Is Linux Really More Secure Than Windows?

Origin: NewsFactor (www.newsfactor.com)
Source: Masha Zager
Date: 11/10/2002


Introduction

Ramen, Slapper, Scalper and Mighty may sound like Santa's new team of reindeer, but they are creatures far lower down the evolutionary ladder -- and much less welcome. These are worms that have infiltrated Linux servers in recent months, commandeering the servers for use in distributed denial-of-service attacks. Linux enthusiasts who once believed they were less vulnerable to attack than Microsoft (Nasdaq: MSFT) users have begun to wonder whether they were overly optimistic.
But it is a mistake to think that one operating environment is inherently more risky than another, according to Eric Hemmendinger, research director at Aberdeen Group. The number of security flaws in software, he said, depends largely on the software's age.

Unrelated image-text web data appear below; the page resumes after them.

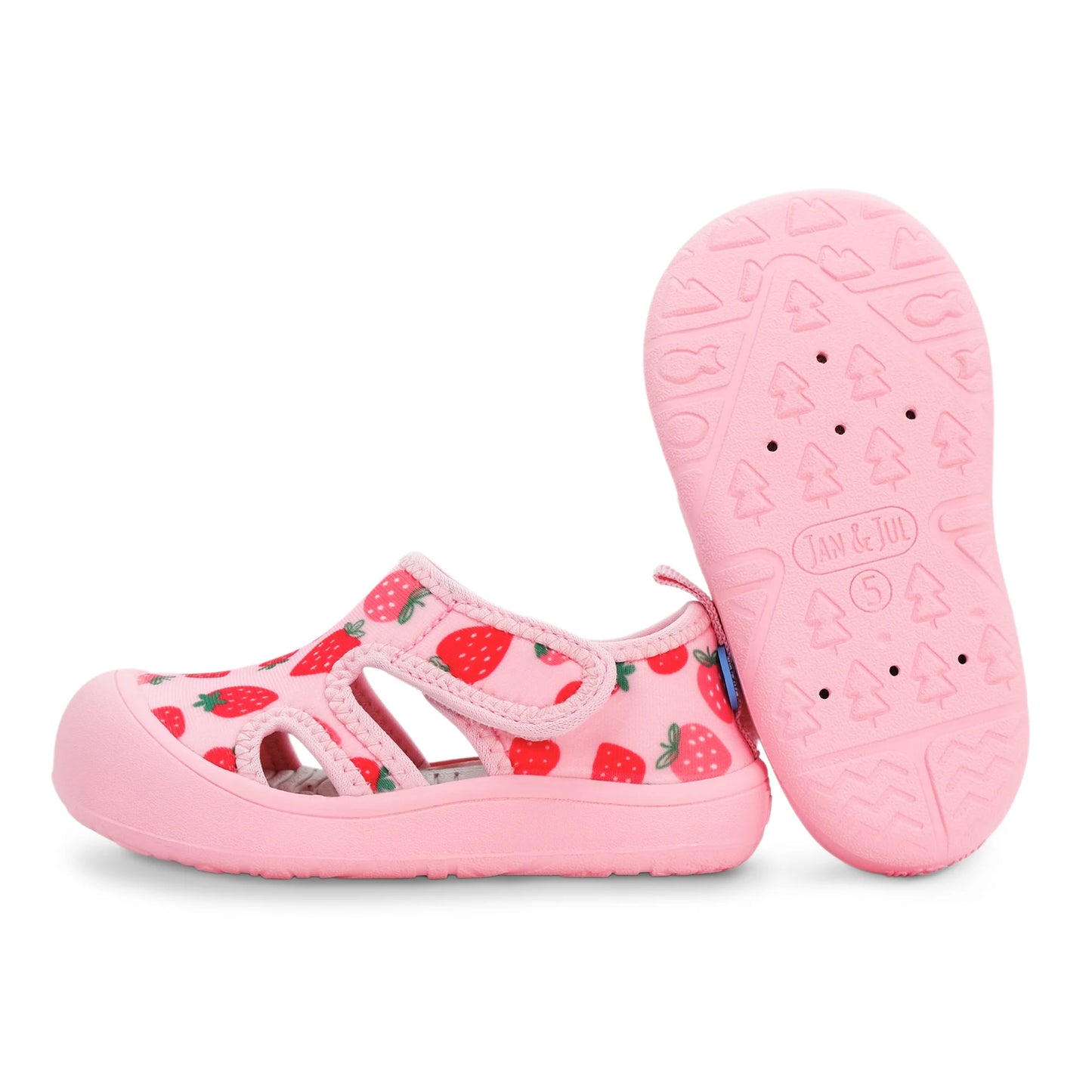 Jan and Jul | Kids SunnyBreeze Sandals | Pink Strawberry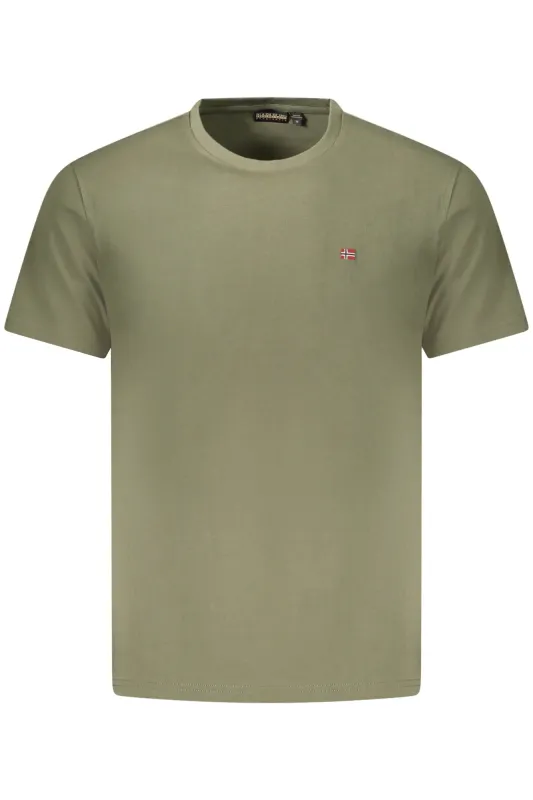 NAPAPIJRI MEN S SHORT-SLEEVED T-SHIRT GREEN sold by Siebentaschen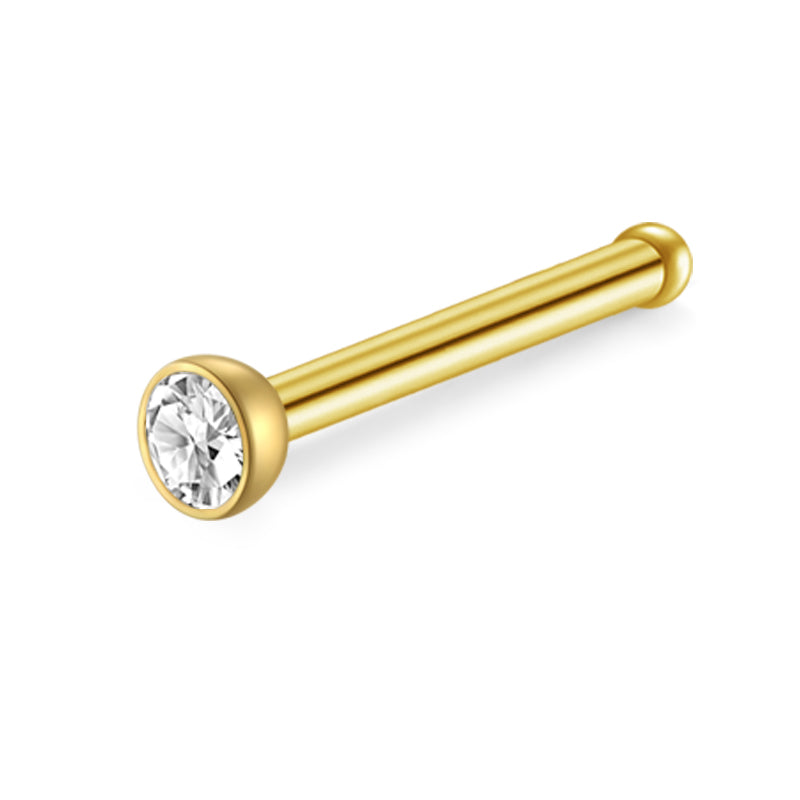 18G Gold Nose Rings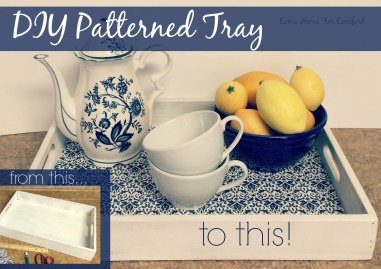 How to DIY Blue and White Tray via ComeHomeForComfort.com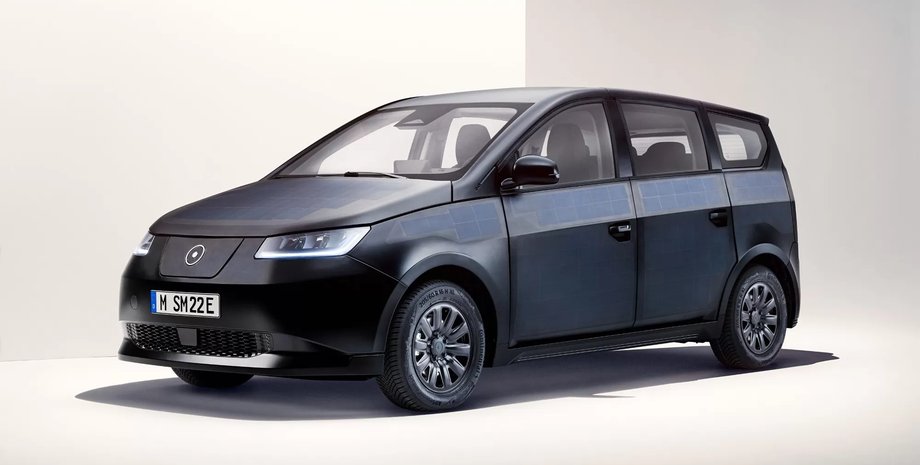 Sono Sion, Sono Motors, электромобиль Sono Sion, электрокар Sono Sion, солнечные батареи, авто на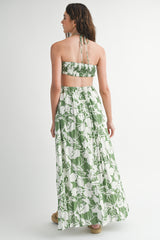 RIAN HALTER NECK CUTOUT DRESS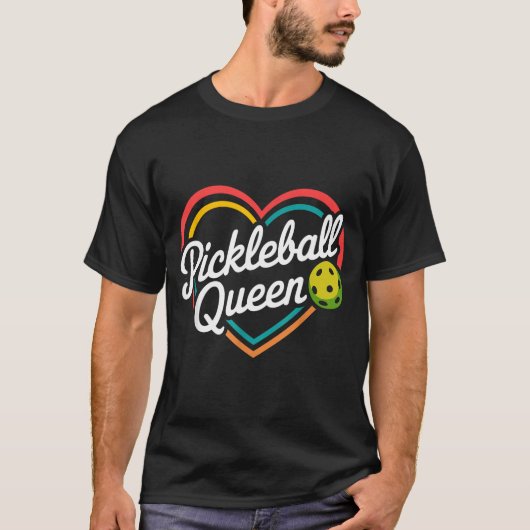 ピックルボール女王 Tシャツ (正面)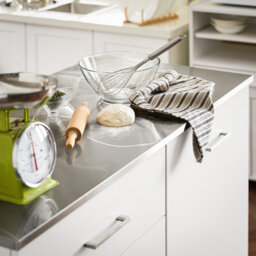 Sobuy Fkw117-W,kitchen Island Rolling  Storage Trolley With Stainless Steel Worktop,white,w120Xd56Xh90.5 - thumbnail 4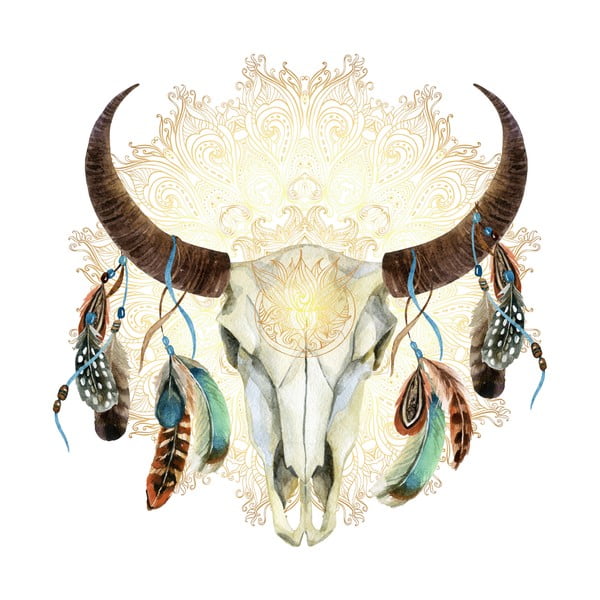 Samolepka Ambiance Boho Buffalo-image-2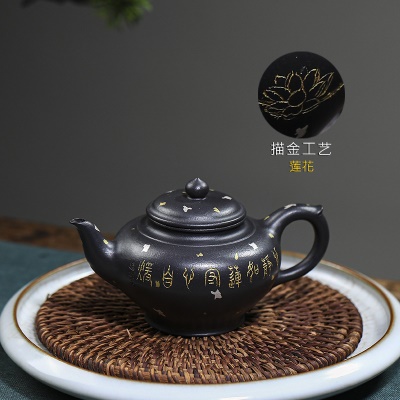 宜兴手工紫砂壶家藏黑罗兰吉祥笑樱证书齐全出水爆爽滴水不漏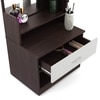 Amora Dressing Table in Choco Walnut Finish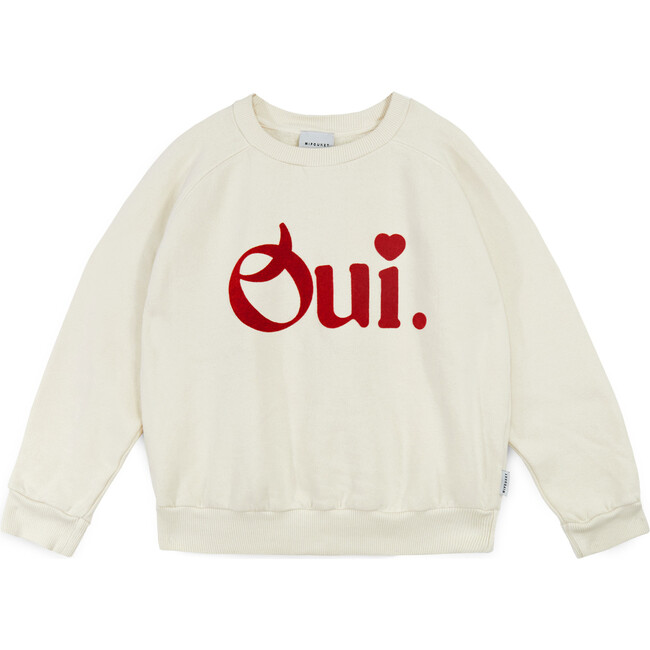 Oui Felpa Sweatshirt, Ecru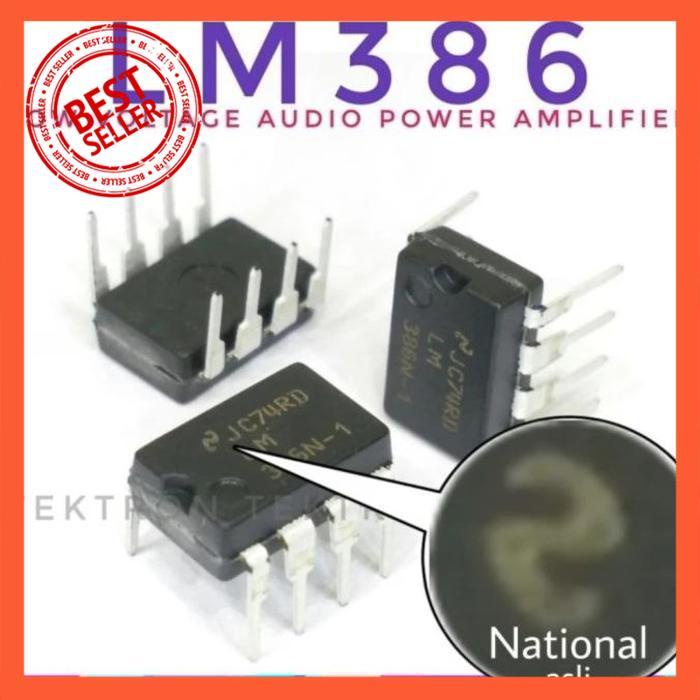 Jual | PWP | IC LM386 AUDIO POWER AMPLIFIER LOW VOLTAGE ORIGINAL
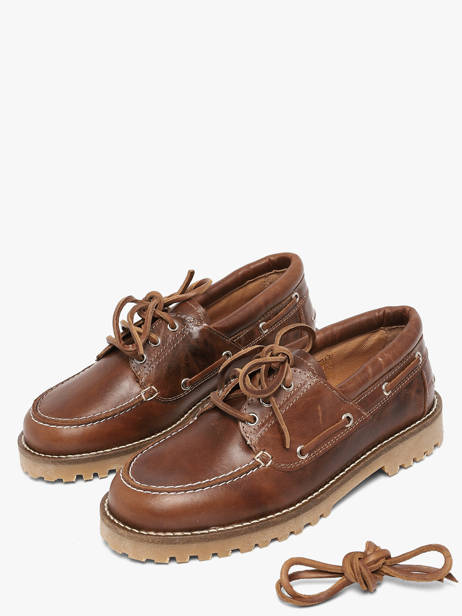 Boat Shoes In Leather Pavement Brown women 24324052 other view 1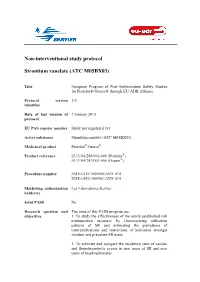 Non-Interventional Study Protocol Strontium Ranelate (ATC M05BX03)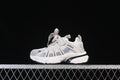 White and grey adidas Adistar kids’ sneaker shown from the side
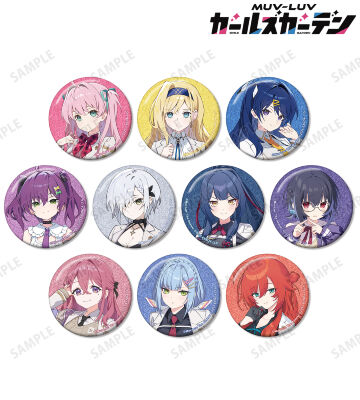 トレーディンググリッター缶バッジ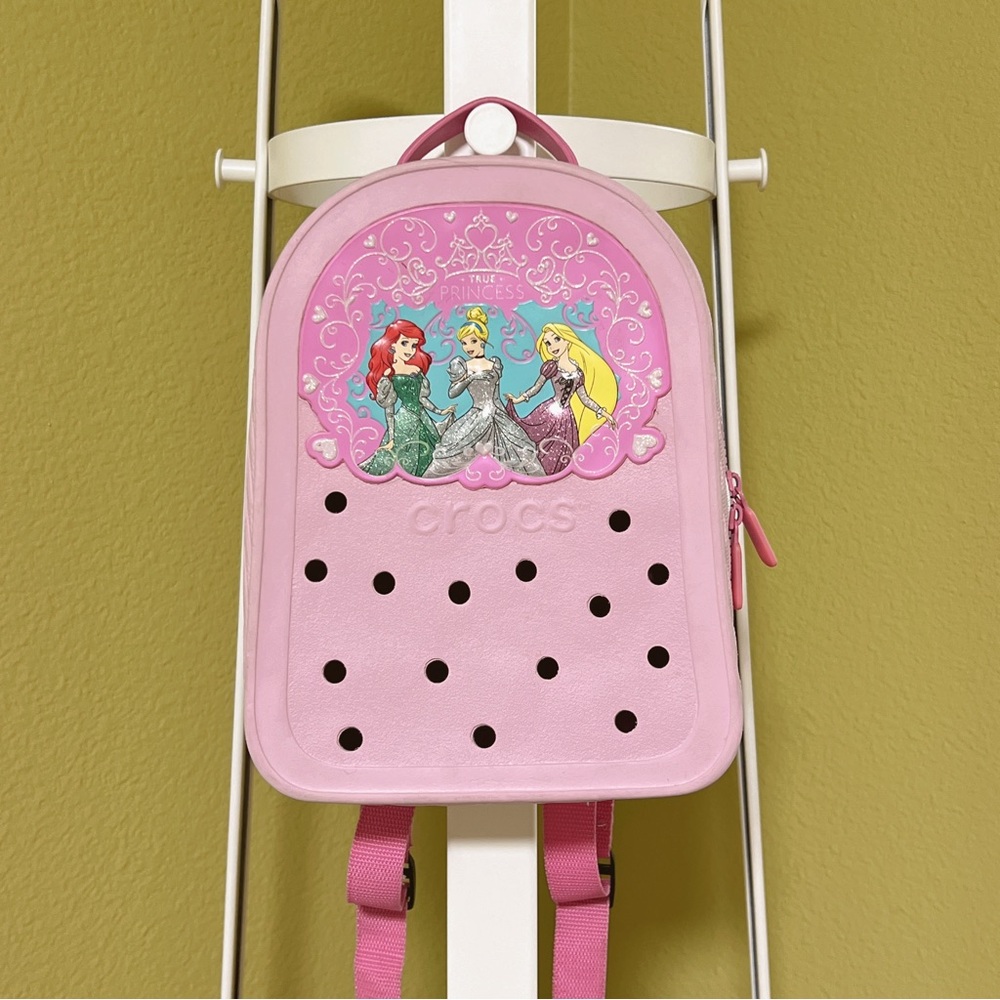 Crocs Kids True Princess Pink Mini Rubber Backpack Zipper Adjustable Straps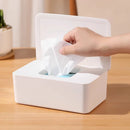 Axyaa Tissue Holder Box Portable Dustproof Baby Home Car Kitchen Organizer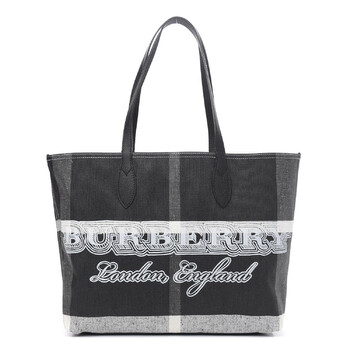 Mua túi Burberry Ladies Check Coated Canvas Reversible Doodle Tote Bag sale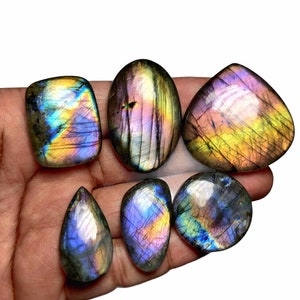 Lote de cabochão de labradorita roxa, lote de atacado de labradorita roxa, lote de pedras preciosas de labradorita roxa, lote de labradorita em formato misto, labradorita,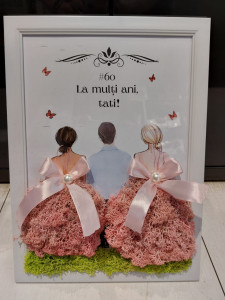 Tablou cu licheni pentru tata - Mesaj personalizat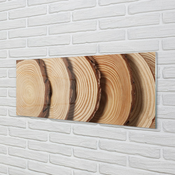 tulup.si Slika na akrilnem steklu Les rezine žit 140x70 cm 4 obešalnika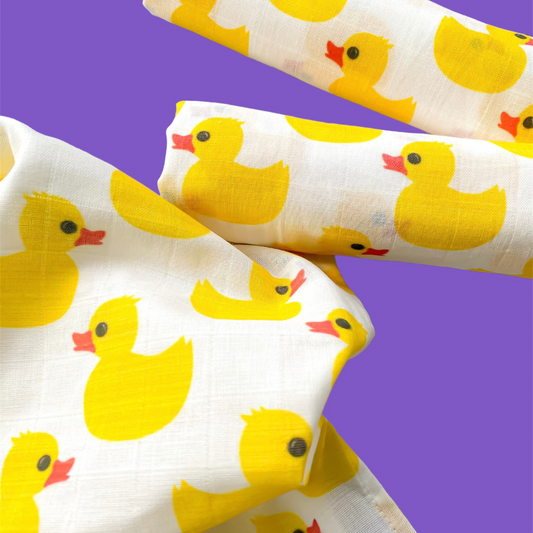 Muslin Square Baby Burp Cloth Yellow Rubber Duck Outlet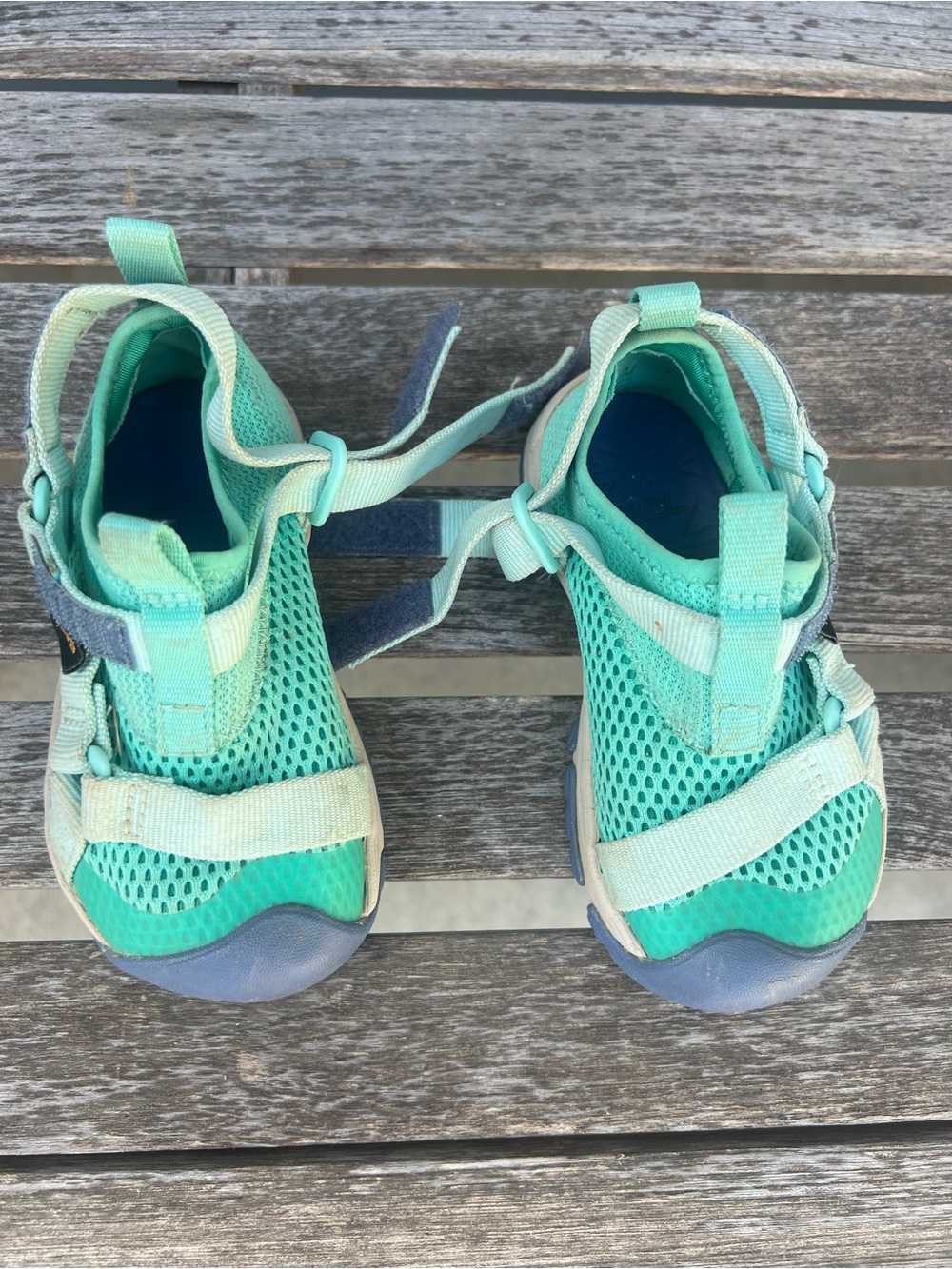 Teva Kids Aqua Mesh Sandals - Mint Teal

Mainframe operating systems, which have been perfected over decades, have very few security flaws. Security problems on mainframes tend to be caused by administrators' errors. Likewise, Unix, which has been popular since the 1970s, has also had most of its bugs shaken out.


Newer - and Riskier?

Newer operating environments like Windows and Linux, on the other hand, tend to have more flaws than those that have been thoroughly dissected. A large number of Windows problems are surfacing, in part because of the program's age and in part because of the number of people using Windows.

Linux, which is even newer than Windows and is not controlled by a single commercial entity, can be expected to have even more vulnerabilities than Windows. Hemmendinger commented, "I see a lot more stuff coming across BugTraq [about Linux] than any flavor of Unix or any Microsoft operating system." BugTraq is a popular forum for discussion of computer security vulnerabilities. It is moderated by SecurityFocus, now a division of security firm Symantec.


Real-World Risks

However, the existence of security flaws -- and of hackers willing to exploit them -- does not necessarily add up to more risk for users. According to Hemmendinger, "The argument about whether one [operating system] is more secure than another doesn't reflect what actually happens in the real world."

Michael Rasmussen, director of research and information security at Giga Information Group and vice president on the international board of directors of the Information Systems Security Association, agreed, saying that both closed-source and open source systems struggle with security vulnerabilities.

"I personally find that the open source side of the debate has the stronger argument, even though you might see more vulnerabilities being reported," he said. "Just because software is closed and [most] people don't know there are security holes doesn't mean that security holes don't exist [or that] nobody knows about them. The security holes are still there." As a result, he noted, systems might contain significant vulnerabilities that administrators are unaware of.


Vendors Scrambling

Both Microsoft and Linux distributors are making efforts to patch security flaws as soon as they are discovered. Microsoft has organized a huge security program as a result of vocal complaints from users, while the Linux effort is, in Hemmendinger's words, "less disciplined but more timely."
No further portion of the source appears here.